Three Takeaway Lessons from the GAO Audit of the Federal Reserve
From Project on Government Oversight (a coalition parter of Campaign for Liberty on Audit the Fed)
Fed Oversight Lesson 1: There are still limits to the GAO’s audit authority
The GAO’s audit of the Federal Reserve, which was published in July 2011, was a one-time deal. It was authorized for a specific purpose, which was to examine emergency loan programs and other assistance authorized by the Federal Reserve Board from December 1, 2007 to July 21, 2010. Dodd-Frank authorized the GAO to conduct similar audits of emergency lending programs moving forward, but the audits can’t be released to the public until one year after the emergency lending facility is terminated.
In addition, several Subcommittee Members at the hearing expressed interest in giving the GAO more authority to do regular auditing, including examinations of the Fed’s monetary policy decisions and its lending to foreign banks. GAO audits are unique in comparison to existing financial audits of the Fed because the GAO can focus on the “operational integrity” aspects of the Fed’s programs. Given that there are still gaps in oversight of the Fed (and outstanding loans that haven’t been repaid), regular independent auditing by the GAO would be a promising step towards transparency.
Fed Oversight Lesson 2: Conflict-of-interest policies should be strengthened
Orice Williams-Brown, director of financial markets and community investments for the GAO, said in the hearing that the audit found “a number [of instances] that raise issues and have the appearance of conflict of interest.” For example, the GAO discovered that senior officials at the Federal Reserve Bank of New York held stock in some institutions that received assistance.
Mark Calabria, director of financial regulations at the Cato Institute, pointed out that the same companies were repeatedly named in the GAO report, suggesting that the benefits of bailout programs often go to the same handful of organizations. Calabria said he is “worried about the revolving door between the Fed and Wall Street,” and also pointed out that “the revolving door between the Fed and the Treasury Department further undermines operational independence.”
Williams-Brown said the Fed still has the opportunity to take additional steps to strengthen its management of conflicts of interest involving Fed employees and vendors.

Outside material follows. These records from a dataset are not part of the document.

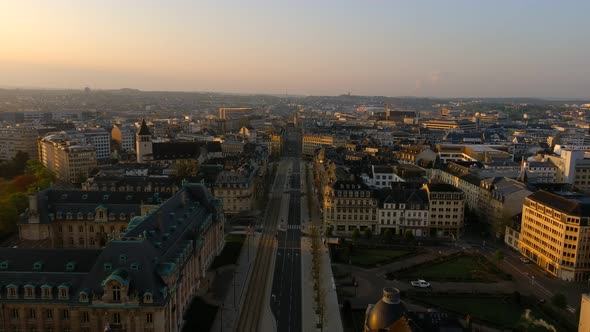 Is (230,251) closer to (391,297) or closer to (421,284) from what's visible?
(421,284)

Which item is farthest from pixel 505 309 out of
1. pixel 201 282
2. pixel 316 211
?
pixel 316 211

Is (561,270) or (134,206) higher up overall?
(134,206)

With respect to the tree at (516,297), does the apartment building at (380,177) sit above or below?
above

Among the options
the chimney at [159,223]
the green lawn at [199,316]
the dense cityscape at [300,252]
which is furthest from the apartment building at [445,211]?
the chimney at [159,223]

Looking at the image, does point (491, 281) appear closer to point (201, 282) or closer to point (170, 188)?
point (201, 282)

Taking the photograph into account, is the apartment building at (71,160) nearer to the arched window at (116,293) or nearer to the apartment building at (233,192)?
the apartment building at (233,192)

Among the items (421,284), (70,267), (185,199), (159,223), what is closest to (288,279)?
(421,284) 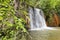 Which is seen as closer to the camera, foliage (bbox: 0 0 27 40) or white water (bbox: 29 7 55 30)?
foliage (bbox: 0 0 27 40)

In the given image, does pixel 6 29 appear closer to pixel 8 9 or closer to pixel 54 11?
pixel 8 9

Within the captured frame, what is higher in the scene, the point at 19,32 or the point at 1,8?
the point at 1,8

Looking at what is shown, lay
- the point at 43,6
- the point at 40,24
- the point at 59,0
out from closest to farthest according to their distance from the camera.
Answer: the point at 40,24 → the point at 43,6 → the point at 59,0

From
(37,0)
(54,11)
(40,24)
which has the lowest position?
(40,24)

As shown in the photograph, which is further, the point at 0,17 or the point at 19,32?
the point at 19,32

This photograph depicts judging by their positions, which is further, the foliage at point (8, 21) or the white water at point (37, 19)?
the white water at point (37, 19)

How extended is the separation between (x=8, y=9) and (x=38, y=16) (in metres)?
15.7

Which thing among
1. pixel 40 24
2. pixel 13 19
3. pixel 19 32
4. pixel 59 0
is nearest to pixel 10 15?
pixel 13 19

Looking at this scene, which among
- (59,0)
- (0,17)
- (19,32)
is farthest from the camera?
(59,0)

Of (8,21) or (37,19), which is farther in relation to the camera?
(37,19)

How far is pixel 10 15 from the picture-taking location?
1.82m

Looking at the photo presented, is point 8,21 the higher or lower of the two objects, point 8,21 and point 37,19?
the higher

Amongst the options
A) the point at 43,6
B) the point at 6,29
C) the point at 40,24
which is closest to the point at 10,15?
the point at 6,29

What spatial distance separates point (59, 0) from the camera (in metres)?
20.8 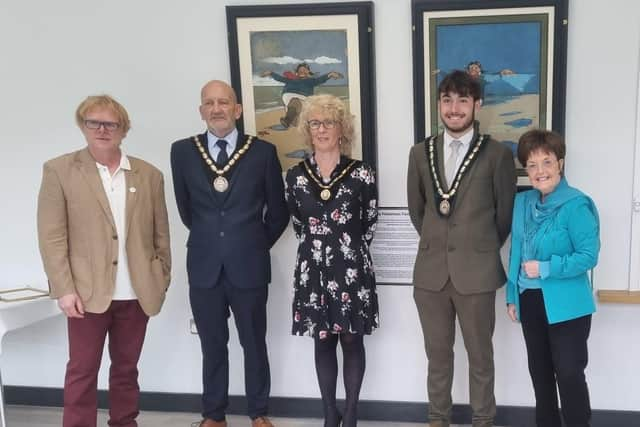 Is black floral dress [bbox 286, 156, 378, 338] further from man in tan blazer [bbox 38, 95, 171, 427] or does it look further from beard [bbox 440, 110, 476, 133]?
man in tan blazer [bbox 38, 95, 171, 427]

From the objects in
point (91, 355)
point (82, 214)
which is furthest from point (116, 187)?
point (91, 355)

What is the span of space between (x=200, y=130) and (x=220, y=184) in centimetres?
47

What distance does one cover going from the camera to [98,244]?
2.26 m

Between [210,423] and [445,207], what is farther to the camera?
[210,423]

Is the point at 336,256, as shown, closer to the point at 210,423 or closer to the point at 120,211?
the point at 120,211

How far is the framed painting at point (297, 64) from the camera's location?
2.57 metres

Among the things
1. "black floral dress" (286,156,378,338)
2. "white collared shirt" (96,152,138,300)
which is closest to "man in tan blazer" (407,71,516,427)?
"black floral dress" (286,156,378,338)

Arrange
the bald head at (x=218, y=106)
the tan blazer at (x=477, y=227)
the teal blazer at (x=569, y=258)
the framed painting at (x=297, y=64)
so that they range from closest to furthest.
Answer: the teal blazer at (x=569, y=258)
the tan blazer at (x=477, y=227)
the bald head at (x=218, y=106)
the framed painting at (x=297, y=64)

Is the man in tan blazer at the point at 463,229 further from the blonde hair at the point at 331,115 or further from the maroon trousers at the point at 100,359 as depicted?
the maroon trousers at the point at 100,359

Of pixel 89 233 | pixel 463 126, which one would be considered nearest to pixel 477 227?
pixel 463 126

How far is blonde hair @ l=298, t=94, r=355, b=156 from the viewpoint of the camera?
2.31 metres

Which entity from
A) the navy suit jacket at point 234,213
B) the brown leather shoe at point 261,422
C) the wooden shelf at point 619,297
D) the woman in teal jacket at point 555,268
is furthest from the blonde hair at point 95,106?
the wooden shelf at point 619,297

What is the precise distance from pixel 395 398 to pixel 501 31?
178 cm

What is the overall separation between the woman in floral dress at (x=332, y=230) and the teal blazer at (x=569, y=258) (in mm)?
690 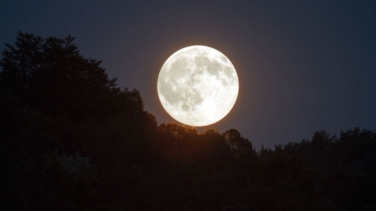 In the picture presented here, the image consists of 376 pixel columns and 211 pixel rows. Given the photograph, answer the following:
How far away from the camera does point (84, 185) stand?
2178 cm

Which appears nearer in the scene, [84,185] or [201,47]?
[84,185]

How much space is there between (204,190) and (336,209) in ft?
24.8

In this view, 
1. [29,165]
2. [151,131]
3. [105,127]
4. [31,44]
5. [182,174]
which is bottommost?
[29,165]

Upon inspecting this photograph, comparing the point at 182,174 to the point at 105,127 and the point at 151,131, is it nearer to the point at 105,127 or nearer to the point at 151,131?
the point at 105,127

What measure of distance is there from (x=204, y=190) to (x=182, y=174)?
8.38 feet

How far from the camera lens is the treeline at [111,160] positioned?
21.6m

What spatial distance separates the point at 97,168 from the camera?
25297 mm

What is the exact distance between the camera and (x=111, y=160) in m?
27.9

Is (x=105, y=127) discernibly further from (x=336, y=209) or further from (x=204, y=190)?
(x=336, y=209)

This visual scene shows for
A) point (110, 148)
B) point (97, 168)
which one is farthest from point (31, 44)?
point (97, 168)

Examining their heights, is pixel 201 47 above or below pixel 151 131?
above

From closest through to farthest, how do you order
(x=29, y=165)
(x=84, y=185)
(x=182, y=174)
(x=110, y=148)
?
1. (x=29, y=165)
2. (x=84, y=185)
3. (x=182, y=174)
4. (x=110, y=148)

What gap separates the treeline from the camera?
2164cm

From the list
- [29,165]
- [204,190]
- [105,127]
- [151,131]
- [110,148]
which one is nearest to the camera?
[29,165] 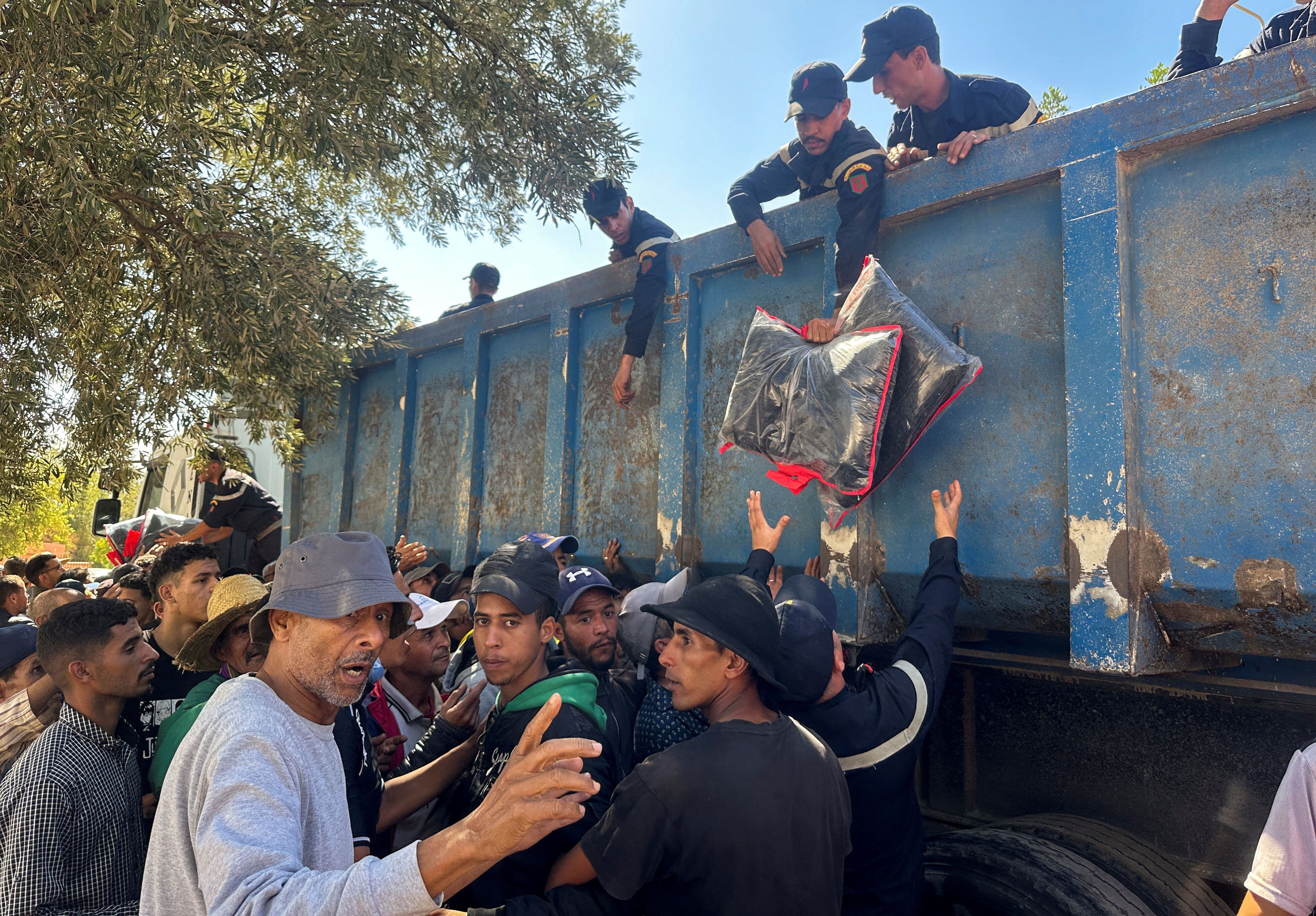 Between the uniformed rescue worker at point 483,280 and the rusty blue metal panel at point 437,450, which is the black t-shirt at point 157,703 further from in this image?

Fed Oversight Lesson 3: More transparency is a good thing (like when identifying counterparties)
In 2009, POGO wrote a letter to the Federal Reserve Board arguing that the Fed’s withholding of crucial information about American International Group’s (AIG) counterparties gave a “troubling appearance of favoritism”—particularly towards Goldman Sachs, one of AIG’s most prominent counterparties.

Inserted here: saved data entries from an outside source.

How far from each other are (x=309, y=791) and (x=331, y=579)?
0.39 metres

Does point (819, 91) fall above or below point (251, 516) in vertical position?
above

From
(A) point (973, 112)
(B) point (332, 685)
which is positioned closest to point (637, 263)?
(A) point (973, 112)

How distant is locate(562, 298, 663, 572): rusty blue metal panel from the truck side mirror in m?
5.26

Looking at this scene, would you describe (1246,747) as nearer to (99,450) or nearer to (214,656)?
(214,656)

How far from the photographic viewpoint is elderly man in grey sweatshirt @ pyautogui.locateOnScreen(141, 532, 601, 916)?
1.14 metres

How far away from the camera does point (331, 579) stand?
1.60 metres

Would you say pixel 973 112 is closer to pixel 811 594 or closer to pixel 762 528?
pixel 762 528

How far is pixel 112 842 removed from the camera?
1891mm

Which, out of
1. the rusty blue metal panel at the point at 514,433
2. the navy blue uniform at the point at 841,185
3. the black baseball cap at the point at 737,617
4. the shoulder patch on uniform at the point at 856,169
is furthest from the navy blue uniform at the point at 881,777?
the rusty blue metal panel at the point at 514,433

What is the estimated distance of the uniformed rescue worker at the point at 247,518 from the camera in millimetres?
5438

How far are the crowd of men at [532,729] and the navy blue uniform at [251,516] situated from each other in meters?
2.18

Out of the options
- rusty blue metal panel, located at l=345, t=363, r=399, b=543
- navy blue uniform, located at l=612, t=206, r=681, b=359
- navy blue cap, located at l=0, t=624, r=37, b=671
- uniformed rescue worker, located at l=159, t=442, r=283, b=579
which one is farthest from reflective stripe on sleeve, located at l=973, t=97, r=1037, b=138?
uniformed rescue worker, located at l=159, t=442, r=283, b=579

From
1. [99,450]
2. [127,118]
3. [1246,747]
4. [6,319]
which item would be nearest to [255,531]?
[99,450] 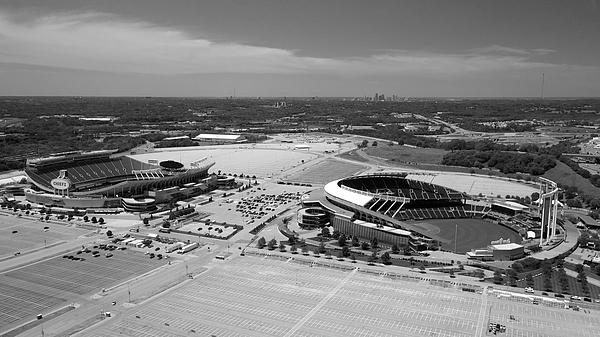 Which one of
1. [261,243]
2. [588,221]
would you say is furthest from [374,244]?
[588,221]

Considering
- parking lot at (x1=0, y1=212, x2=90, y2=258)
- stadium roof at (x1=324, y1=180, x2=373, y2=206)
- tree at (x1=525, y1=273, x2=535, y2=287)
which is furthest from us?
stadium roof at (x1=324, y1=180, x2=373, y2=206)

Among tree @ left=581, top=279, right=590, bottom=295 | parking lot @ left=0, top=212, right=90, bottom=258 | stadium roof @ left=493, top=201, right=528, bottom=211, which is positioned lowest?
parking lot @ left=0, top=212, right=90, bottom=258

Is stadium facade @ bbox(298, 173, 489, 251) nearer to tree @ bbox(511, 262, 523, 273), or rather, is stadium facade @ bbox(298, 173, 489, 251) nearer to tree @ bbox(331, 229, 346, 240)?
tree @ bbox(331, 229, 346, 240)

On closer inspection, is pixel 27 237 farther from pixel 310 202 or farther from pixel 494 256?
pixel 494 256

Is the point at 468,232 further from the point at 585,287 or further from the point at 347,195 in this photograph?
the point at 585,287

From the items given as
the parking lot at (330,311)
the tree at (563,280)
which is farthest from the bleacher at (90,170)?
the tree at (563,280)

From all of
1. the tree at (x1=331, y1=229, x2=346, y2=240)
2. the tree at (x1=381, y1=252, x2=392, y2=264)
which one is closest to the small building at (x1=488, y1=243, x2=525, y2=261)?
the tree at (x1=381, y1=252, x2=392, y2=264)

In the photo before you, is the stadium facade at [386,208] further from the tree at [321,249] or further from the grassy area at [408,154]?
the grassy area at [408,154]

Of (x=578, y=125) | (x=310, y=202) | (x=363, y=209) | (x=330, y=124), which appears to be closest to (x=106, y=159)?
(x=310, y=202) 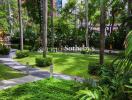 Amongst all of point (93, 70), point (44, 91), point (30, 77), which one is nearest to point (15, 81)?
point (30, 77)

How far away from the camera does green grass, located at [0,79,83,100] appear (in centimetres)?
1572

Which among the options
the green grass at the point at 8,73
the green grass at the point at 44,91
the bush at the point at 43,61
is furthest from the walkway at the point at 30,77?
the green grass at the point at 44,91

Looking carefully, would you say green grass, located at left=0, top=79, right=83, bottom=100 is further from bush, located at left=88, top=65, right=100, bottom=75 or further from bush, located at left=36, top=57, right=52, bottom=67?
bush, located at left=36, top=57, right=52, bottom=67

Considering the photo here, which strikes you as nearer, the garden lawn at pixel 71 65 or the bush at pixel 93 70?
the bush at pixel 93 70

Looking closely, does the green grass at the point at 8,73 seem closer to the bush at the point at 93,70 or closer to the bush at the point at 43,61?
the bush at the point at 43,61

But for a while, the Fed refused to release these names, alleging that doing so would “risk further turmoil” and make companies less likely to do business with anyone receiving government funds, as then-Federal Reserve Vice Chairman Donald Kohn put it.
Well, the Fed finally released the names, and none of these doomsday protections came true. According to Calabria’s opening statement, “when these names were released, the world did not come to an end…the Fed has a long tradition and strong preference for secrecy.”
Additionally, Williams-Brown stated that the GAO found a 2 percent discrepancy in the collateral pledged by borrowing institutions. Subcommittee Chairman Paul said at hearing, “More people now are starting to realize the Fed is truly not independent from influence…I usually think once there’s an emphasis on independence, it means secrecy for the Fed.”